Loccum/Kr. Nienburg (epd). Angesichts des Rechtspopulismus in Deutschland und Europa hat Niedersachsens Ministerpräsident Stephan Weil (SPD) dazu aufgerufen, mit aller Kraft für die Demokratie zu kämpfen. «Die Zahl derjenigen Menschen, die auf Zusammenhalt und Zusammenarbeit setzen, ist sehr viel größer als die Nachrichten manchmal meinen lassen», sagte Weil beim 69. Epiphanias-Empfang der Evangelisch-lutherischen Landeskirche Hannovers am Sonntag im Kloster Loccum bei Nienburg.

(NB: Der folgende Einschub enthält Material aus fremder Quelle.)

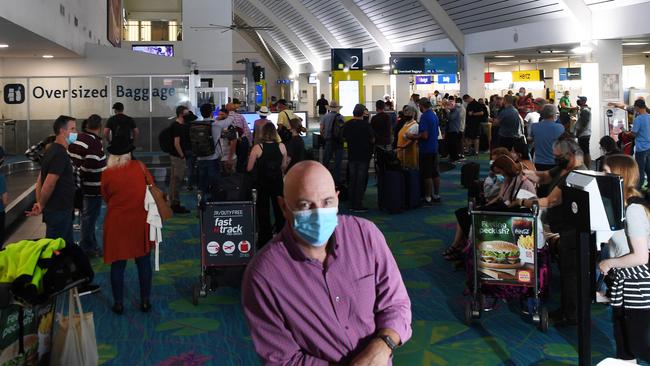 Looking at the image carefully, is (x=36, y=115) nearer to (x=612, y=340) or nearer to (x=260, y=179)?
(x=260, y=179)

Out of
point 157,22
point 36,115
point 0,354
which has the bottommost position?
point 0,354

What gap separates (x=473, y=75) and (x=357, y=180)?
12971mm

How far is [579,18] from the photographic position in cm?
1612

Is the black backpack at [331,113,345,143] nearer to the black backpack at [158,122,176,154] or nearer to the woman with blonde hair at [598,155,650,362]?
the black backpack at [158,122,176,154]

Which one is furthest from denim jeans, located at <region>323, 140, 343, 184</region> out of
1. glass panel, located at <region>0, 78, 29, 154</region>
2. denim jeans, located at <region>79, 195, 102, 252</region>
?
glass panel, located at <region>0, 78, 29, 154</region>

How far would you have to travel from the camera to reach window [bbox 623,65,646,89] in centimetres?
2855

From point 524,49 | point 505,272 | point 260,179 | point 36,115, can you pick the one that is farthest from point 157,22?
point 505,272

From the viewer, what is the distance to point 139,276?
214 inches

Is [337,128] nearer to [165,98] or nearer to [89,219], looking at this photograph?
[89,219]

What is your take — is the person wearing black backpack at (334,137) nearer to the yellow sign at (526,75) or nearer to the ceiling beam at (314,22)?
the yellow sign at (526,75)

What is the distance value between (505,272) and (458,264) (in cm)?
172

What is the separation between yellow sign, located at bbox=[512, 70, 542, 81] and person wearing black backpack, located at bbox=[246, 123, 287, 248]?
2419cm

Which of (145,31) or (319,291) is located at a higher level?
(145,31)

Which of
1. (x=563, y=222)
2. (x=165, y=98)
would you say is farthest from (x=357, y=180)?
(x=165, y=98) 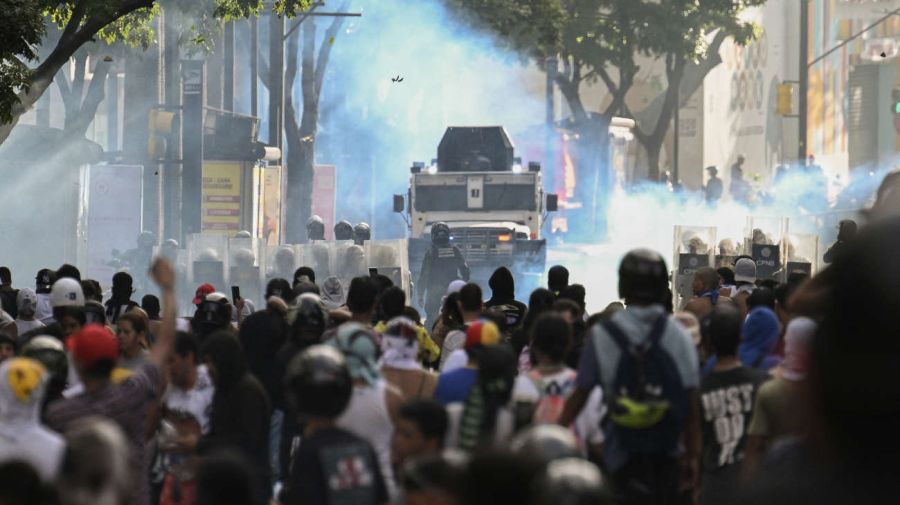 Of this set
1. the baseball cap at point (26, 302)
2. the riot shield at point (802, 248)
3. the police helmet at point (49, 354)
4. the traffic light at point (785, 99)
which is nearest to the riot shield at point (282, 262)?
the riot shield at point (802, 248)

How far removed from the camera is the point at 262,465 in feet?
26.0

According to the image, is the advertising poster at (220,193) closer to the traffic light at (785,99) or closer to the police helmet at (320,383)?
the traffic light at (785,99)

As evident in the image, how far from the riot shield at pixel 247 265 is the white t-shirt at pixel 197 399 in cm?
1945

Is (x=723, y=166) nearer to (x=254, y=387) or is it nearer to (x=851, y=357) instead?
(x=254, y=387)

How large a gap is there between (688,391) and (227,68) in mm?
36329

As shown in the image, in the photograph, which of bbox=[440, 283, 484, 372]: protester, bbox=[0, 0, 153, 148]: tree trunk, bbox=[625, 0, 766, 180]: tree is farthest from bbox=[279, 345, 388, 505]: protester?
bbox=[625, 0, 766, 180]: tree

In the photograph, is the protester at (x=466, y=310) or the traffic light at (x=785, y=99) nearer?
the protester at (x=466, y=310)

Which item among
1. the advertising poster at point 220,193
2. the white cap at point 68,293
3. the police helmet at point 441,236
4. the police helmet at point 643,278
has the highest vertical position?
the advertising poster at point 220,193

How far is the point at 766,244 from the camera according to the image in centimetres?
2320

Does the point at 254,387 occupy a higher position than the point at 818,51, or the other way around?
the point at 818,51

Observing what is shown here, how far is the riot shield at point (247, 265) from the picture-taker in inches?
1086

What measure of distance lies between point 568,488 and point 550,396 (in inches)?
151

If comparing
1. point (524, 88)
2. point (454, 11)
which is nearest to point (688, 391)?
point (454, 11)

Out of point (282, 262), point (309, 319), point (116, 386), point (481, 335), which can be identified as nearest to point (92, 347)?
point (116, 386) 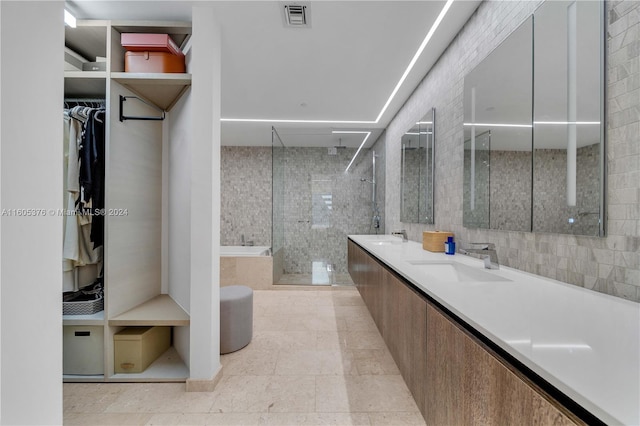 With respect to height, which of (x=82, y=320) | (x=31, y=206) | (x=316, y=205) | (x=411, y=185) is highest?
(x=411, y=185)

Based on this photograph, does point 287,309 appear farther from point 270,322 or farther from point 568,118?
point 568,118

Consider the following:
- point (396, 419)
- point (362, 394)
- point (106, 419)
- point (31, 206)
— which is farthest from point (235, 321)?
point (31, 206)

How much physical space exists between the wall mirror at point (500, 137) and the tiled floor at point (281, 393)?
132 cm

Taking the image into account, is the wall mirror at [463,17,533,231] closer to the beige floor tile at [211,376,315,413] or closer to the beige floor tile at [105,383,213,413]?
the beige floor tile at [211,376,315,413]

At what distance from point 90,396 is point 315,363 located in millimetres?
1538

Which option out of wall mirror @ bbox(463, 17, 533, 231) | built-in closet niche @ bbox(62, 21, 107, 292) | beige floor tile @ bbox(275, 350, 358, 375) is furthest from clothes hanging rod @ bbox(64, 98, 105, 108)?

In Deutschland gebe es ein spürbares Bedürfnis einer großen Bevölkerungsmehrheit nach einem guten Miteinander, betonte der Ministerpräsident vor rund 130 Gästen aus Landespolitik, Wirtschaft, Kultur und Gesellschaft. Er verwies dabei auf den Hashtag #wirsindmehr, der sich im vergangenen Sommer nach den rechtsmotivierten Ausschreitungen von Chemnitz in den sozialen Netzwerken gebildet hatte.

Europaweit breite sich derzeit «ein kälteres, ruppigeres gesellschaftliches Klima und ein unverkennbarer Rechtsruck» aus, kritisierte Weil. Diese Entwicklung drohe, viele Errungenschaften in Frage zu stellen. Die überragende Mehrheit der Bevölkerung stehe jedoch für einen starken demokratischen Staat und auch für eine starke Zivilgesellschaft. Beides müsse gestärkt werden.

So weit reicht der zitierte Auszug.